Но и это всё ещё не было подлинным провалом жизни. Провал жизни узнавали только
те спецпереселенцы, кого посылали в колхозы. Спорят некоторые теперь (и не вздорно):
вообще колхоз легче ли лагеря? Ответим: а если колхоз и лагерь — да соединить вместе? Вот
это и было положение спецпереселенца в колхозе. От колхоза то, что пайки нет, — только в
посевную дают семисотку хлеба, и то из зерна полусгнившего, с песком, земляного цвета
(должно быть, в амбарах полы подметали). От лагеря то, что сажают в КПЗ: пожалуется
бригадир на своего ссыльного бригадника в правление, а правление звонит в комендатуру, а
комендатура сажает. А уж от кого заработки — концов не сведёшь: за первый год работы в
колхозе получила Мария Сумберг на трудодень по двадцать граммов зерна (птичка Божья
при дороге напрыгает больше) и по 15 сталинских копеек (хрущёвских— полторы). За
заработок целого года она купила себе… алюминиевый таз.
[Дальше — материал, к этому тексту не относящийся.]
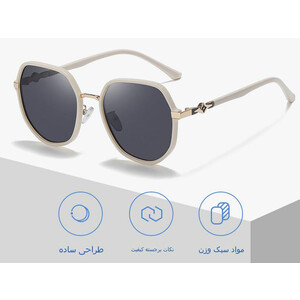 قیمت عینک دودی زنانه پولاریزه karen bazaar A0706 Polarized sunglasses TR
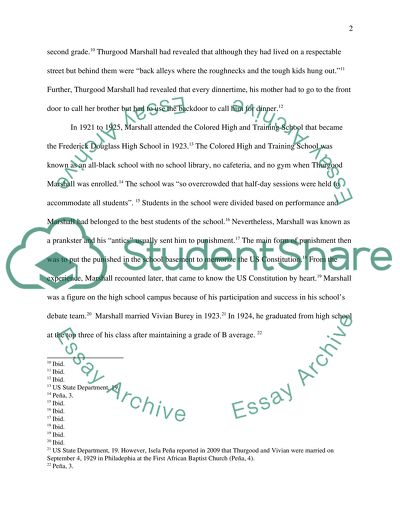 Thurgood Marshall and his impact on the American civil rights movement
Так на что ж они жили?! А— на посылки из Прибалтики. Ведь народ их сослали — не
весь.
А кто ж калмыкам посылки присылал? Крымским татарам?..
Пройдите по могилам, спросите.
Всё тем же ли решением родного прибалтийского Совета Министров или уж сибирской
принципиальностью применялось к прибалтийским спецпереселенцам до 1953 года, пока
Отца не стало, спецуказание: никаких работ, кроме тяжелых! только кайло, лопата и пила!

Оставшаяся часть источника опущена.